映画を観てから虐待やいじめのシーンのフラッシュバックが何度も起こってしまい、辛くて参加できるか不安だったといった声もありました。
一方で、終始客観的に見ることができて、社会の課題ー「迷惑をかけないことが良いとされていることとか」ーについて感じるところがあった、といった方も。
印象的だった話をいくつか紹介すると・・
・当事者たちを自分ごとのように感じてしまった。自分は運よく一般人としてここにいる
・自分の気持ちを知ること、気持ちを表現できる経験が子どもの時から必要
・読書、演劇、映画といった芸術が気持ちを知ること、想像・創造の力を育むのでは
・自己表現や主体性を引き出すような働きかけが社会の中に存在しない問題
・普通に暮らしてる大人たちでも「自分の気持ち」がわからない人はたくさんいる
・罪と罰とは・・罰には即効性はあるが長期的にみて効果ないのでは
・TCプログラムを広げるのはコスト的・人員的なハードルが高そう
・TCを経て社会に戻った彼らを受け入れる準備が私たちにあるか
などなど、、
多岐にわたる話題が出ました。
●映画の感想
私個人の感想として、とても語りつくせないのですが、、二つ書きます。
・男女の非対称性
この映画は男子刑務所が舞台であり、登場人物はほとんどが男性。(TCプログラムの支援者として女性が出て来る)

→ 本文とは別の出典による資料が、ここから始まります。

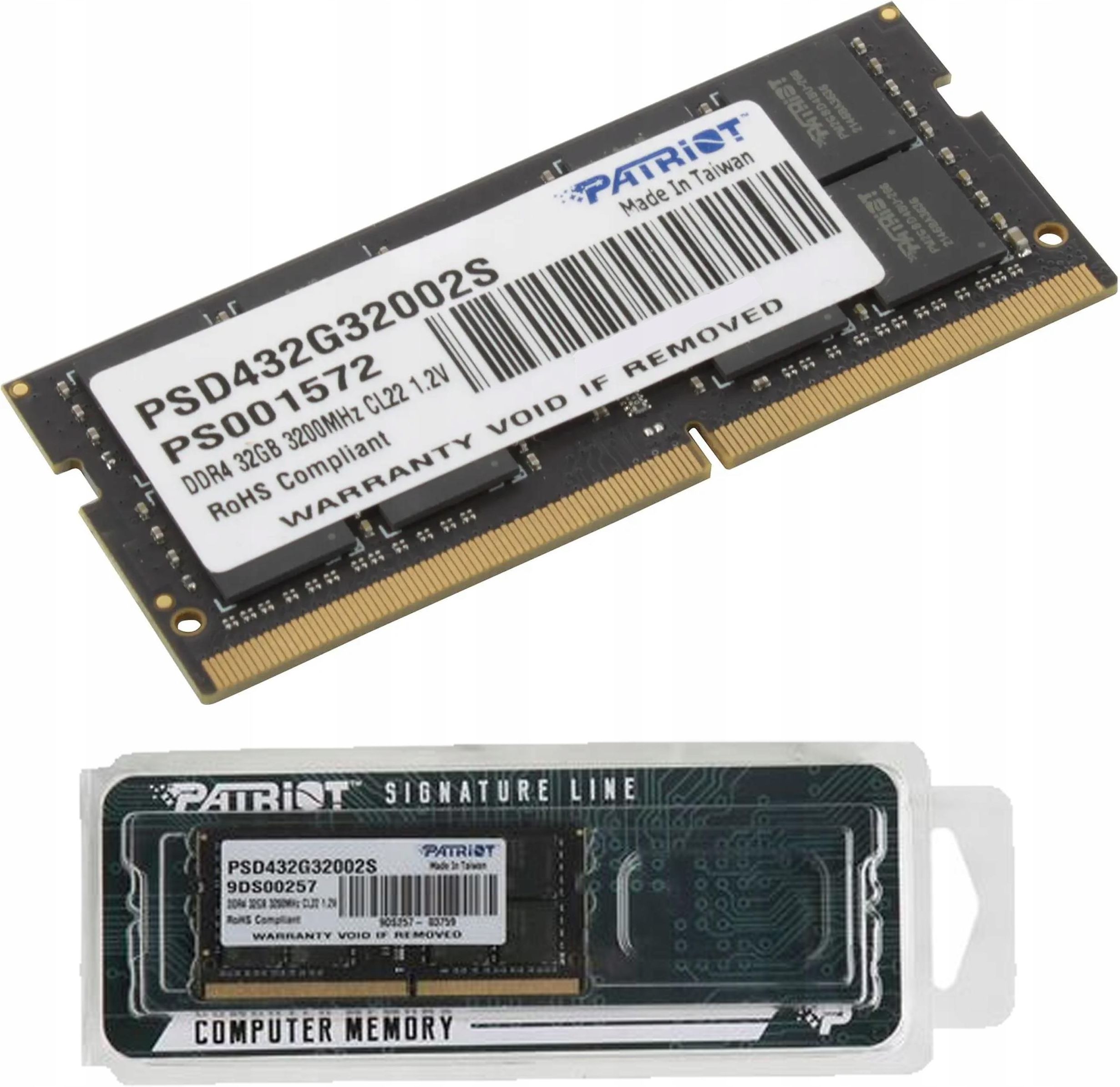 Podzespoły do laptopa Patriot 32GB DDR4 pamięć laptopa Aio sodimm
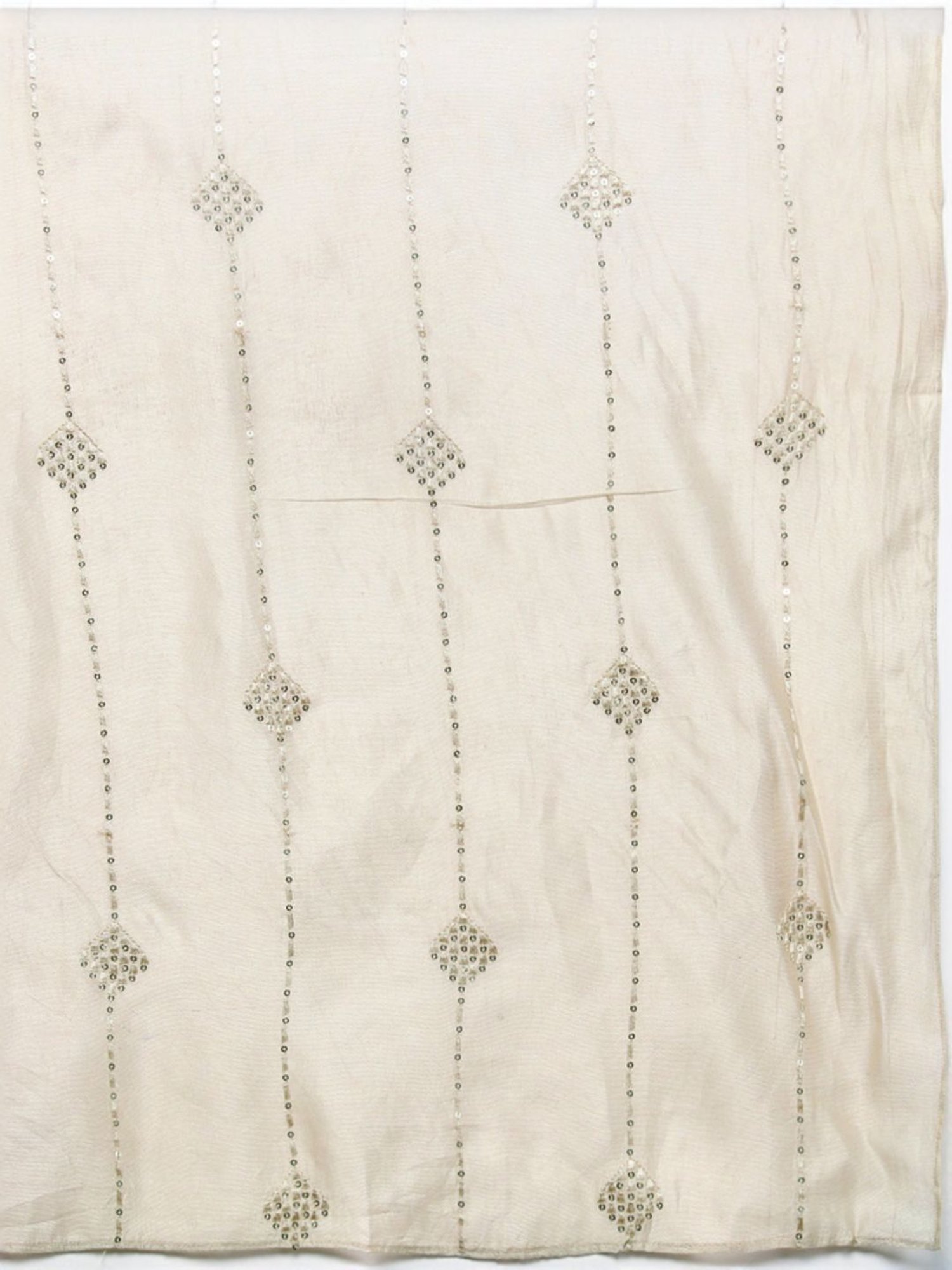 Libas Art Beige Embroidered Kurta Pant Set With Dupatta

一方で、映画の最後に「虐待の連鎖を止めたいすべての人へ」(←うろ覚えですが)というメッセージの後、エンドロールが出てくると監督はじめ、この映画の支援者名を見るとほとんどが女性のように感じられました。
そしてちょっと調べたら、刑法犯で検挙される人の8割が男性、入居受刑者の9割が男性、らしいです。(犯罪白書より)
これって、なんなのだろう、、と。
この映画の中で語られるように、幼少期の被虐待経験やいじめ被害など、被害者になったことで加害行為に繋がるというのはあるのだろうけれど、、(もちろん被虐待の経験者が皆加害するわけではない)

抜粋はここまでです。